• **AIM OF THE TASK**:
In the data below, find the line with "Luxurious 2018 Lagoon" and output it along with every later line, exactly, but not the pictures.

─── DATA SEGMENT

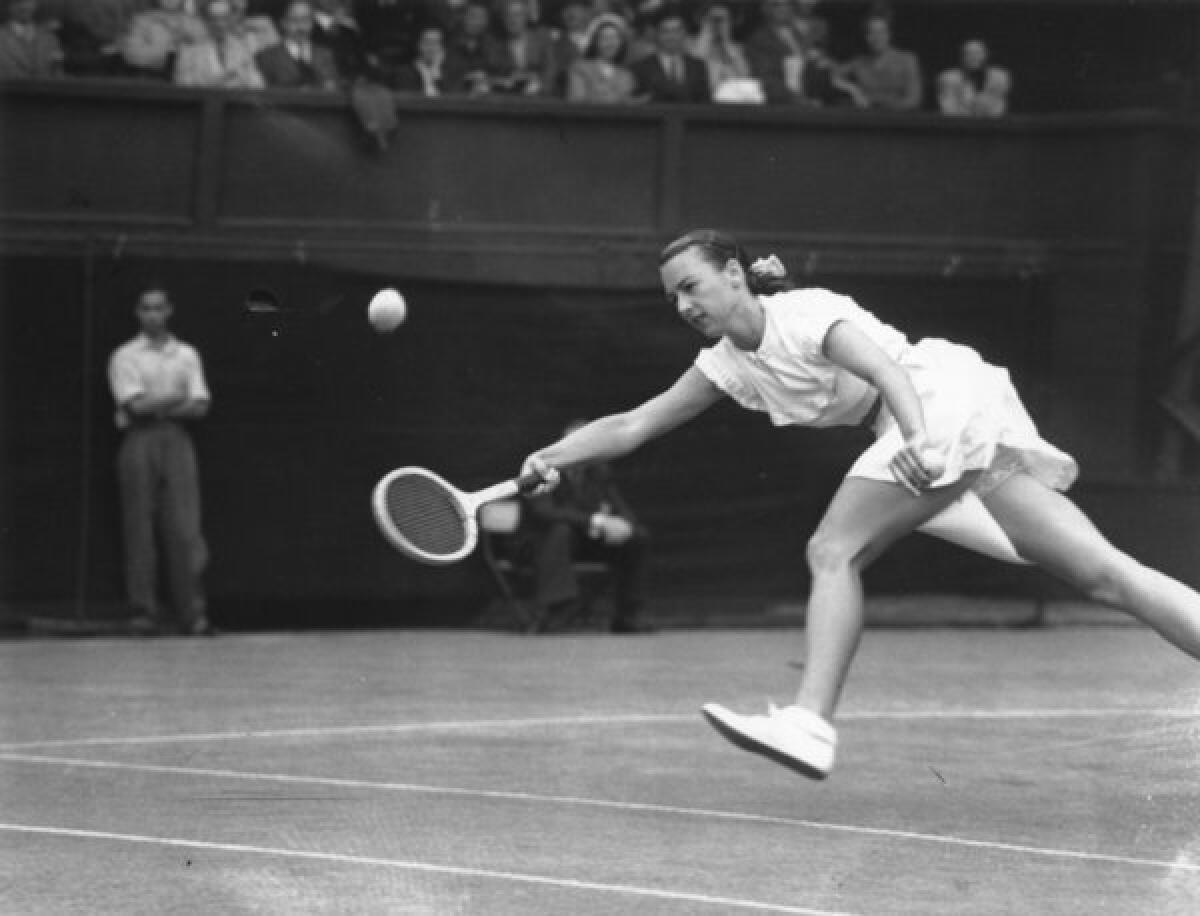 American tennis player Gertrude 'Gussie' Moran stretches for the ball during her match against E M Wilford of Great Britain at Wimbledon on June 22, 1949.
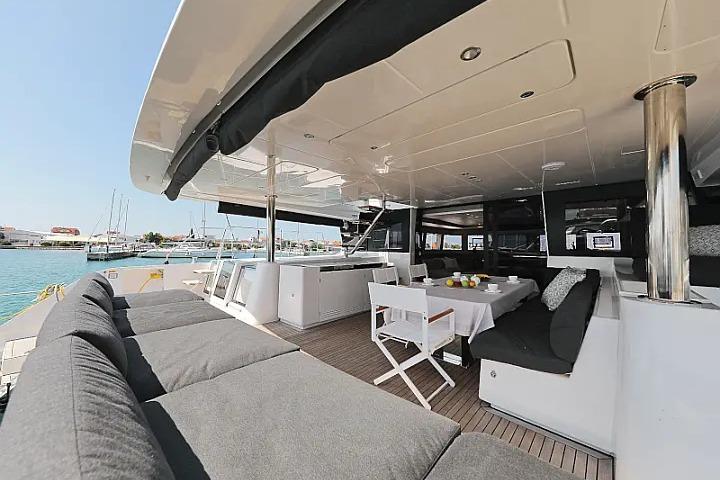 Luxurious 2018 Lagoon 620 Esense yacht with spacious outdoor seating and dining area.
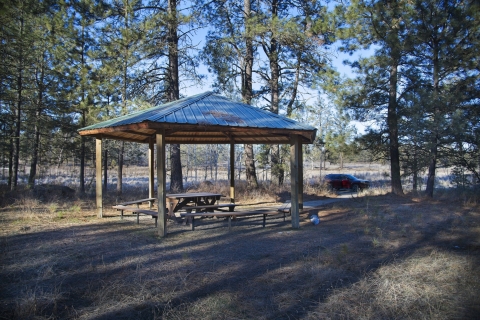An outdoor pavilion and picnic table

──────

• **RESPONSE FOR THIS EXERCISE**:
 Luxurious 2018 Lagoon 620 Esense yacht with spacious outdoor seating and dining area.
An outdoor pavilion and picnic table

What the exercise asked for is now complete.